_Data extracted from a collection:_
※

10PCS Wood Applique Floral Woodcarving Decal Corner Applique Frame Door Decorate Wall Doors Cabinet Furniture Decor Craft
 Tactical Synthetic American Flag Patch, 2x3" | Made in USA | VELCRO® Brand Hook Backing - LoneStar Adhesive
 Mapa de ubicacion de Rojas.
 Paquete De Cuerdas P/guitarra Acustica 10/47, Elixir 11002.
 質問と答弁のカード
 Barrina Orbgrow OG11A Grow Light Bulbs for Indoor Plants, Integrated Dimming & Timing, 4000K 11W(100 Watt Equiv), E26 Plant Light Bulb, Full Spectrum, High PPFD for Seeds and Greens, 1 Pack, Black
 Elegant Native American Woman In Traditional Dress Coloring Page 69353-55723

※

_PROBLEM TO SOLVE:_ Which lines above include the word "American"? Pick them out and copy them.

_ANSWER TO THIS EXERCISE:_
 Tactical Synthetic American Flag Patch, 2x3" | Made in USA | VELCRO® Brand Hook Backing - LoneStar Adhesive
 Elegant Native American Woman In Traditional Dress Coloring Page 69353-55723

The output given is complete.